RECORDS SUPPLIED:
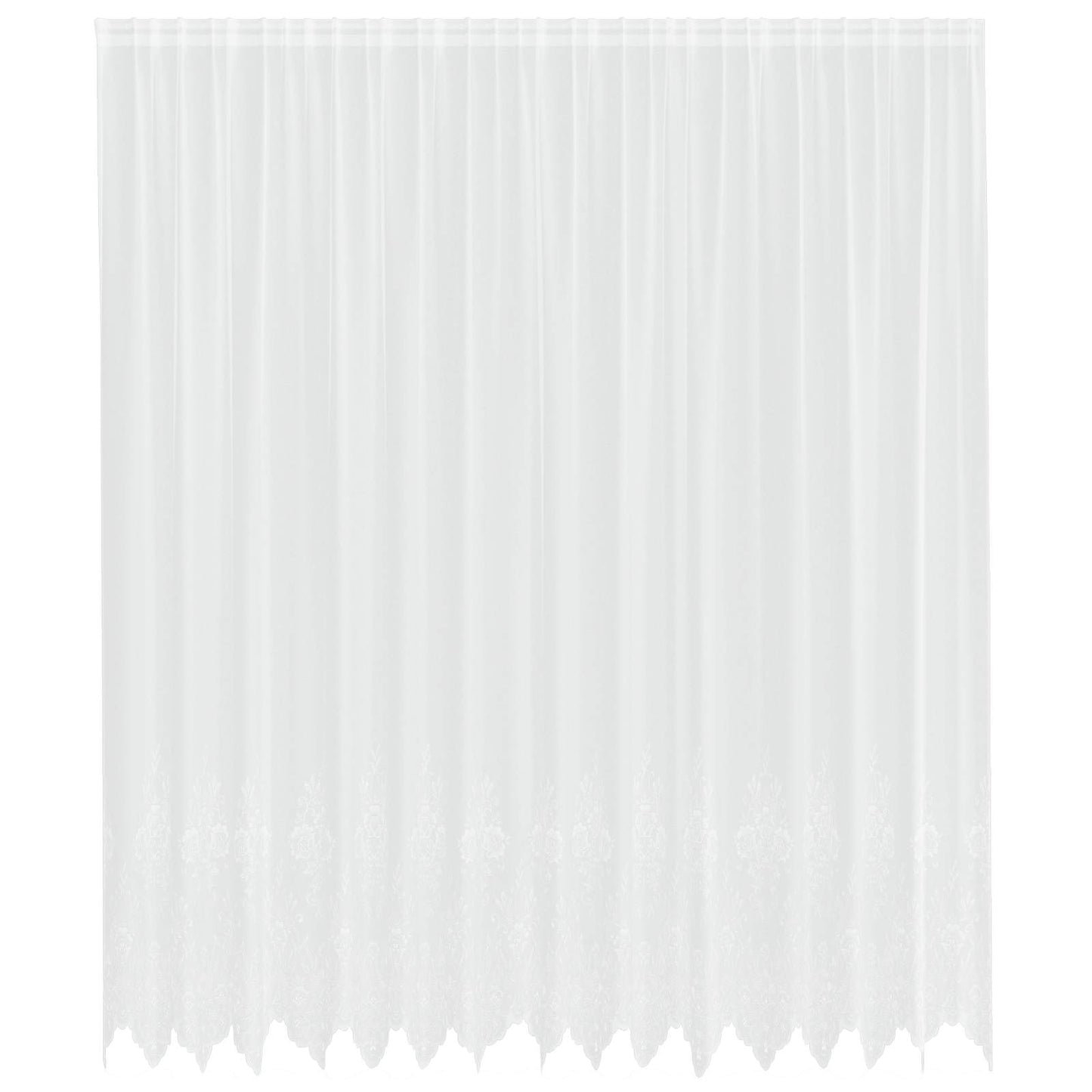 Lace Curtain with Curtains Floral White 260 x 400 cm Polyester
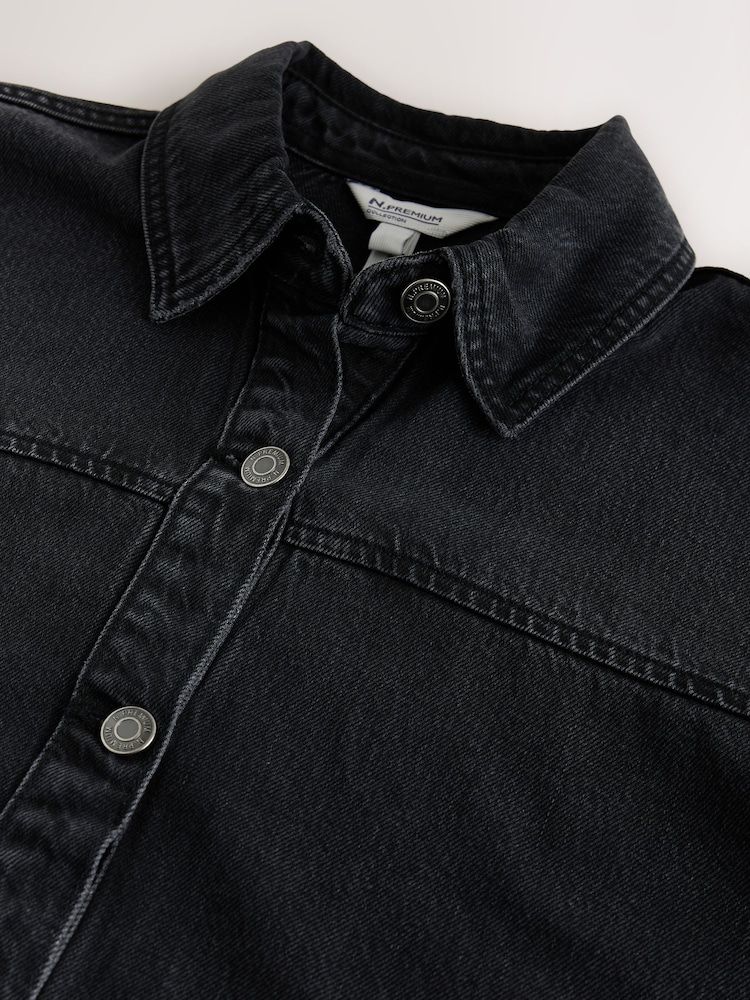 Juoda - N.Premium Boxy Denim Shirt - 7 paveikslėlis iš 7 Juoda - N.Premium Boxy Denim Shirt - 7 paveikslėlis iš 7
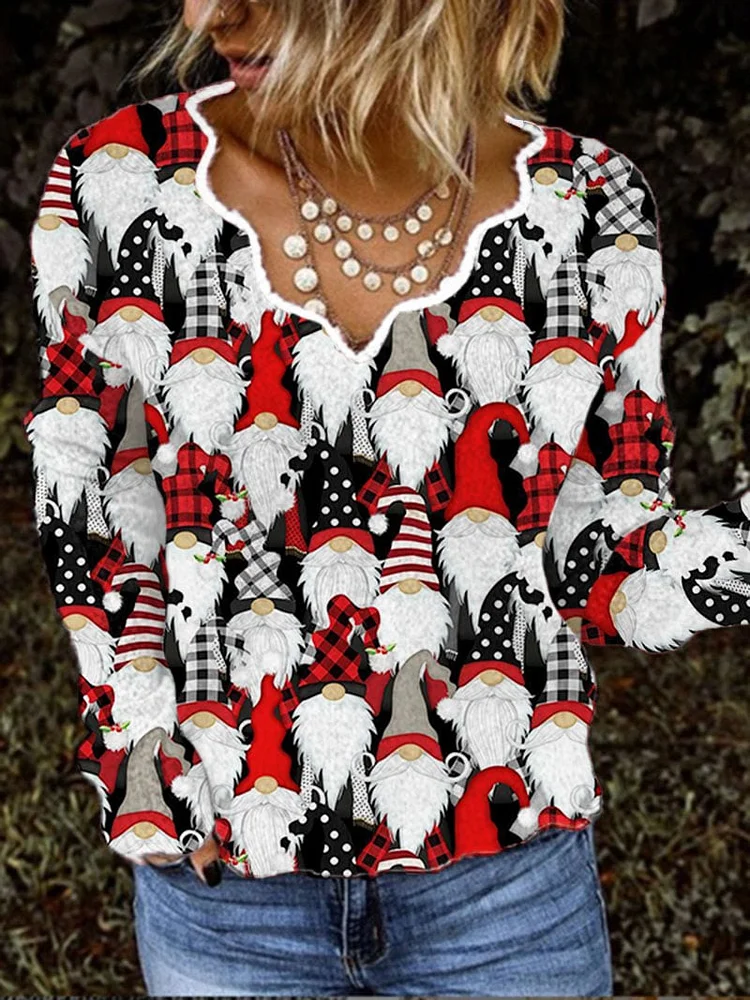 Women's   Gnomes Print V-Neck Knit Top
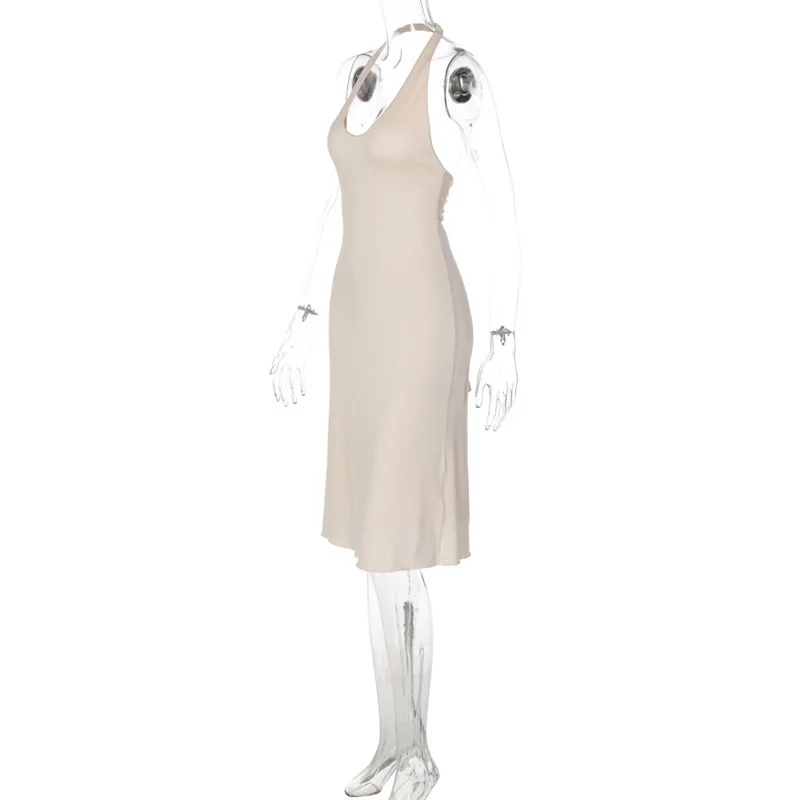 Mozision Women Halter Deep V Neck Midi Dress Sleeveless Backless Bodycon Ruffle Hem Long Dress Elegant Club Party Evening Dress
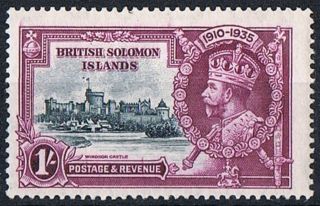 British Solomon Islands Stamp 1935 Jubilee 1s Slate And Purple Dot By Flagstaff photo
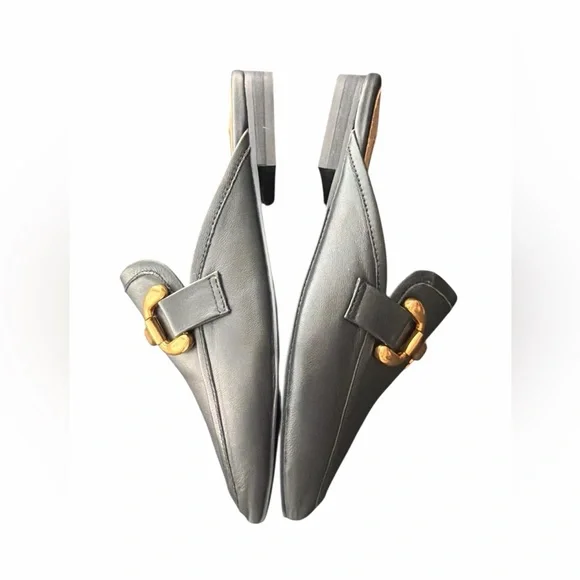 Bibi Lou Black Mule Loafers Gold Bit Detail Size 37 New - Picture 10 of 10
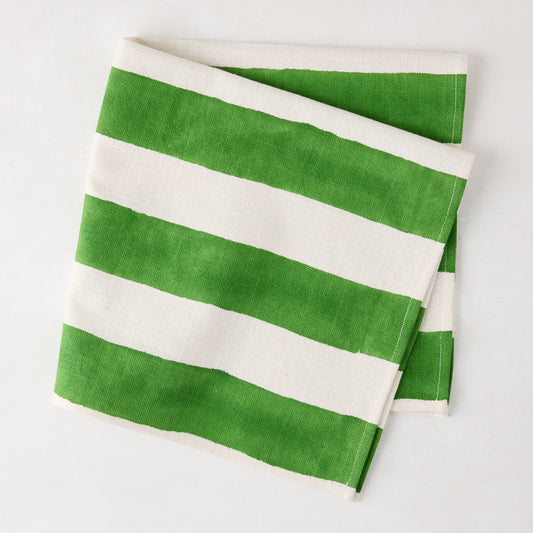 Folded Green Hampton Cotton Stripe Napkin, 22" square, with bold green and white stripes.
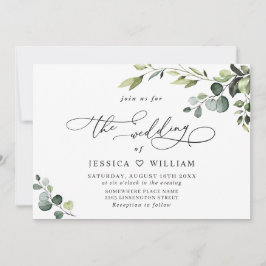 Elegant Eucalyptus Waterverf Greenery Wedding Kaart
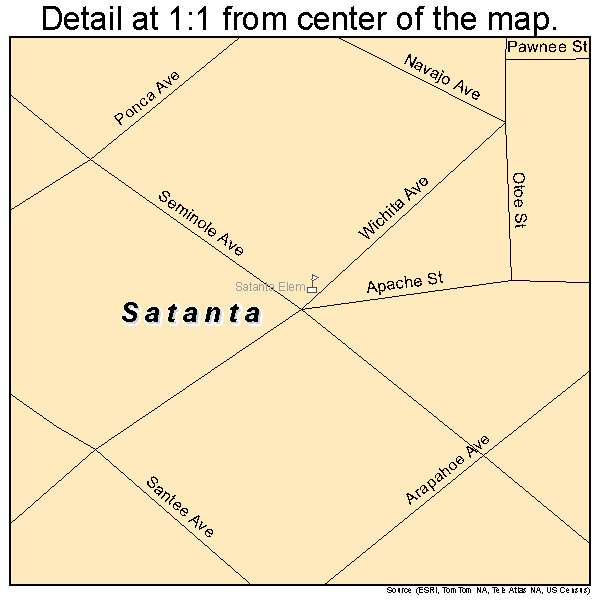Satanta, Kansas road map detail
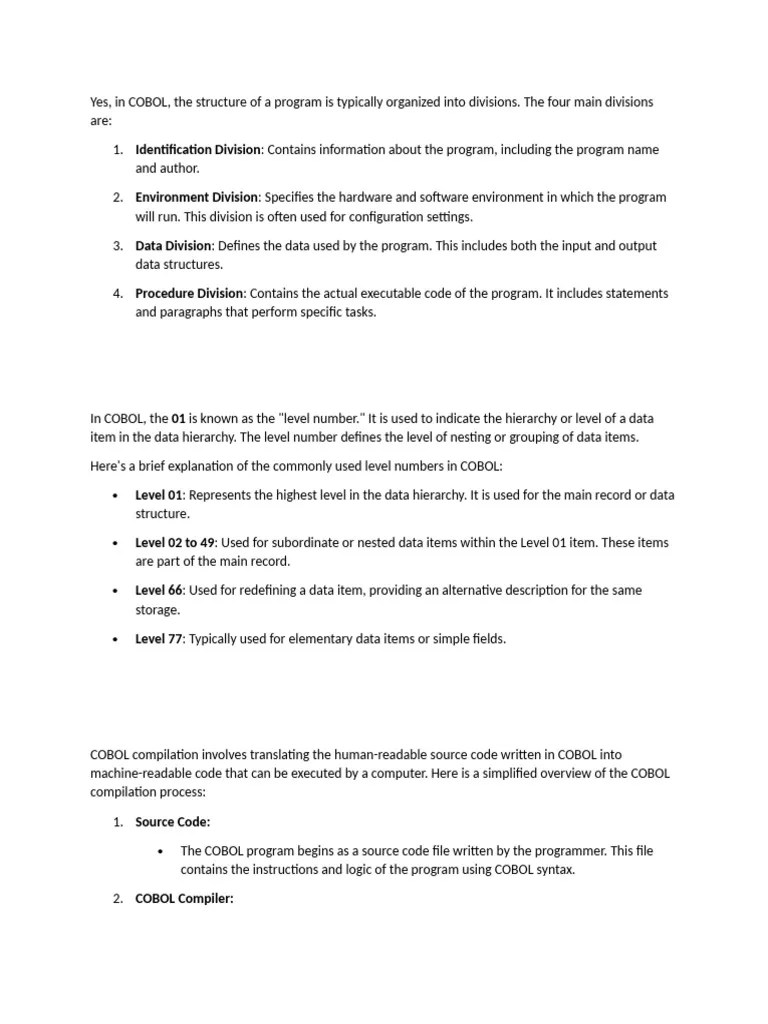 Cobol For Beginners | PDF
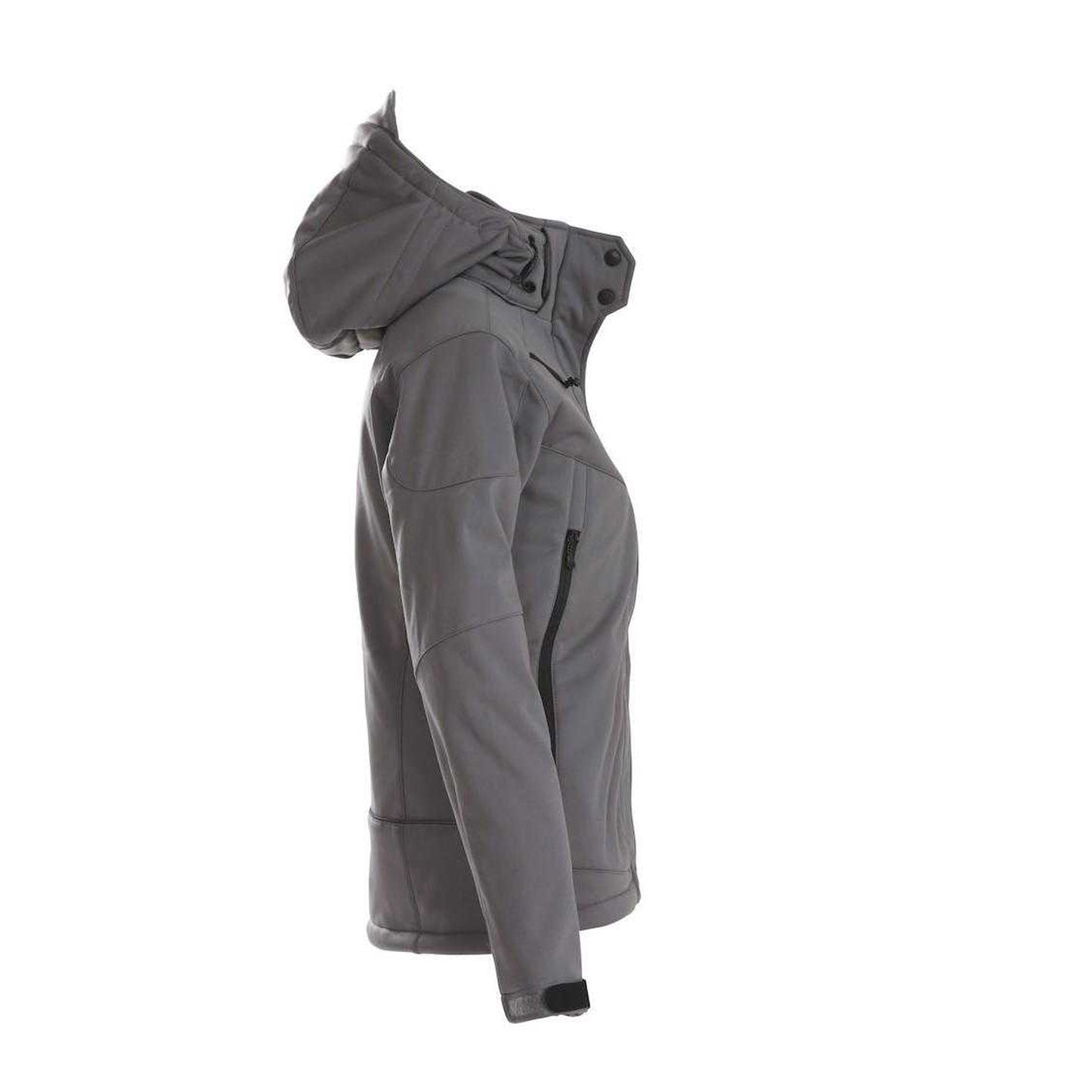 Steel Grey - Side - Printer Womens-Ladies Skeleton Soft Shell Jacket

TASK: Write out exactly the opening lines of the data, stopping after the line that holds "V-Neck Knit Top". Exclude pictures.

EXERCISE OUTPUT:
 Lace Curtain with Curtains Floral White 260 x 400 cm Polyester
 Juoda - N.Premium Boxy Denim Shirt - 7 paveikslėlis iš 7 Juoda - N.Premium Boxy Denim Shirt - 7 paveikslėlis iš 7
 Women's   Gnomes Print V-Neck Knit Top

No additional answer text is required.